▶ YOUR OBJECTIVE: The entries below contain a line with "Kids Boys Girls" and a line with "image for: 1873 10c PCGS Proof 64 (Arrows)". Retype exactly everything from the first down to the second, both included, and nothing else.

▶ EXTRACTED INFORMATION:
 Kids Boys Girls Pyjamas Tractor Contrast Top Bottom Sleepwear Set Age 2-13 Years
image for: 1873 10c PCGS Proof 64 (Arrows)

* * *

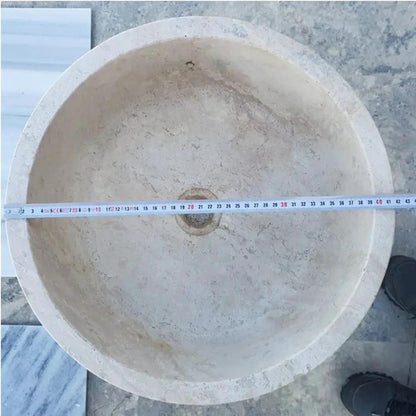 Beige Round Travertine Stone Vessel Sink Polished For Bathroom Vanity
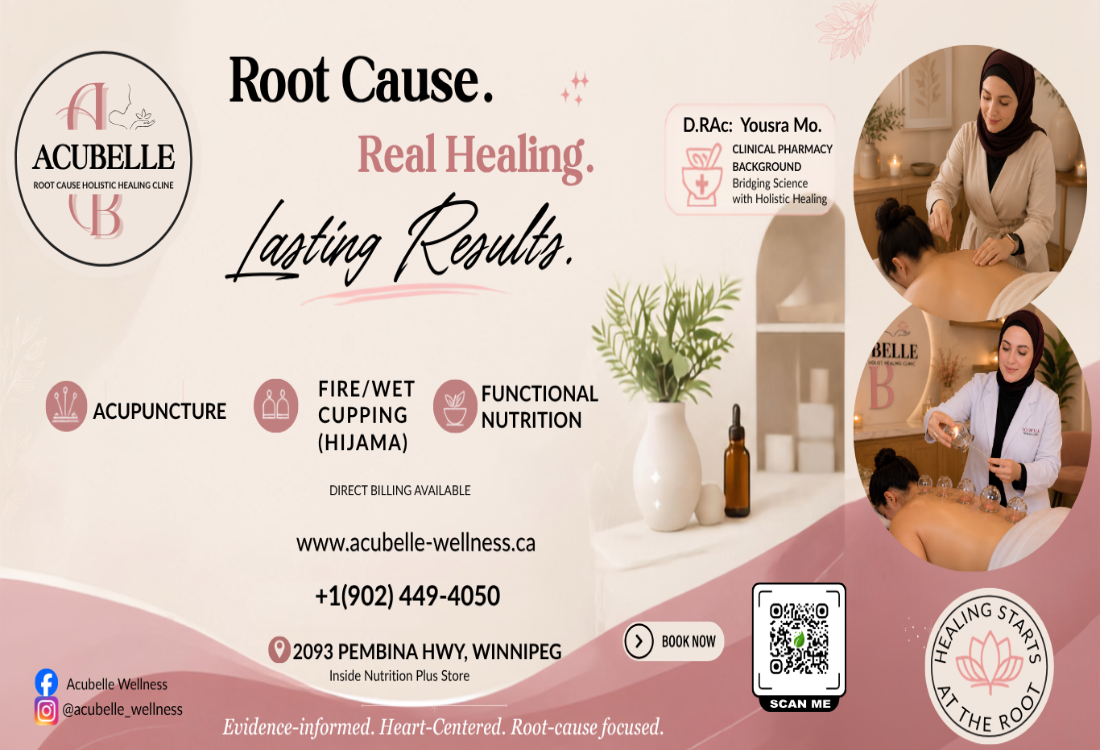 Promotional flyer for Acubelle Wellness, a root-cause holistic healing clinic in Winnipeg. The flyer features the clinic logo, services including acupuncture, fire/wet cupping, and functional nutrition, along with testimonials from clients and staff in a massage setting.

▶ ANSWER BOX:
 Kids Boys Girls Pyjamas Tractor Contrast Top Bottom Sleepwear Set Age 2-13 Years
image for: 1873 10c PCGS Proof 64 (Arrows)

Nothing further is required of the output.